You should always go into a patent program with a clear objective in mind.  In some cases, the costs and hurdles of patent protection outweigh the benefits.

For example, if your invention relates to a method of manufacture that cannot be discerned from the final product, you may wish to keep the invention as a trade secret rather than disclose the invention and limit your ability to maintain a competitive edge to the 20-year patent term, bearing in mind that as soon as a trade secret is used, the likelihood that the secret will be leaked increases exponentially.

If your invention can be easily discerned from the final product and easily replicated, such as a novelty item or produce, the exclusive rights obtained by a patent may be of questionable value given the extremely high costs of litigation to enforce them, especially if the infringers can pop up and disappear overnight. It may be more useful to take the funds that would otherwise be spent on patent filings to develop a competitive advantage based on marketing or other factors.
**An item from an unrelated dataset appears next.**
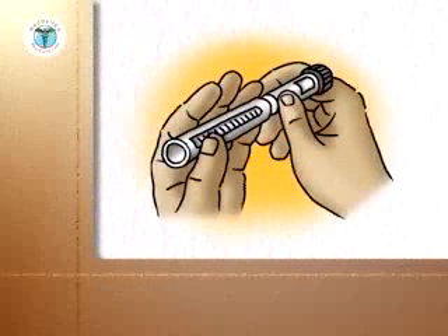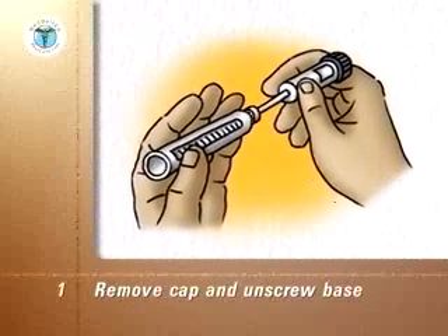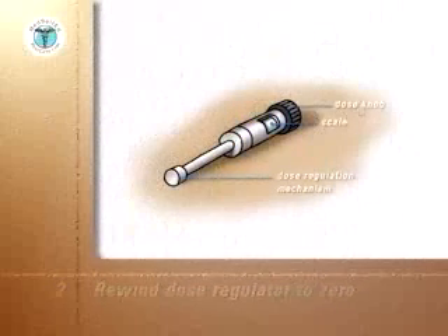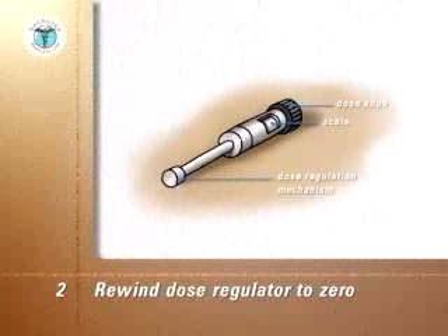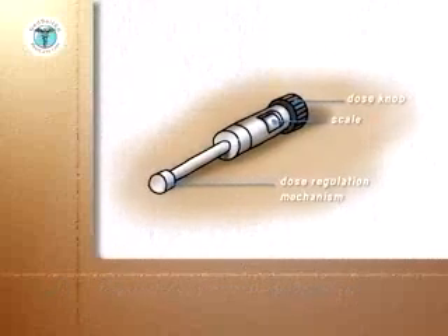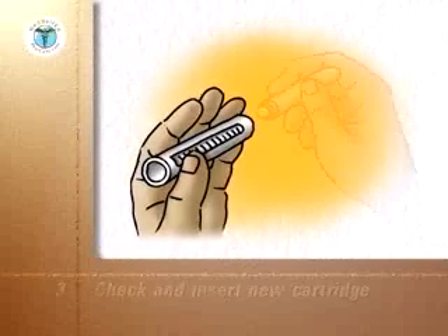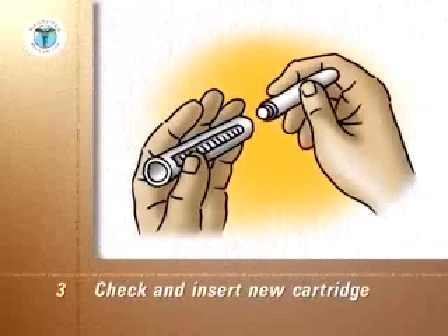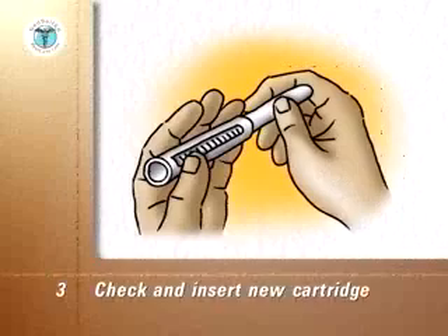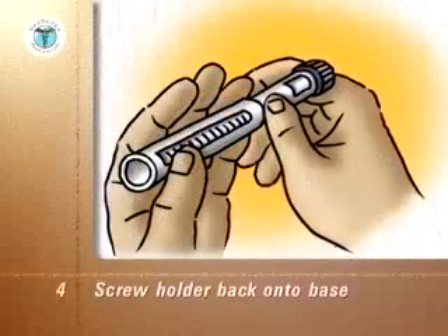Follow the manufacturer's instructions to remove the cap. Separate the base from the cartridge holder by unscrewing it. Rewind the base dose regulating mechanism back to zero and put down the base. Pick up the cartridge holder and shake out the used cartridge. Check that the new cartridge contains the correct insulin and insert it metal end first into the holder. Screw the cartridge holder back onto the base.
Clearly, if there is lots of prior art around, the scope of monopoly that you might be able to obtain may be very narrow, with the result that a competitor may be able to come pretty close to your invention without infringing your patent. You can sometimes get an estimate of how broad the claims of your patent may be by retaining a patent agent to conduct a patent search and opinion. This may help you decide whether or not to invest in the costs associated with drafting and filing a patent application.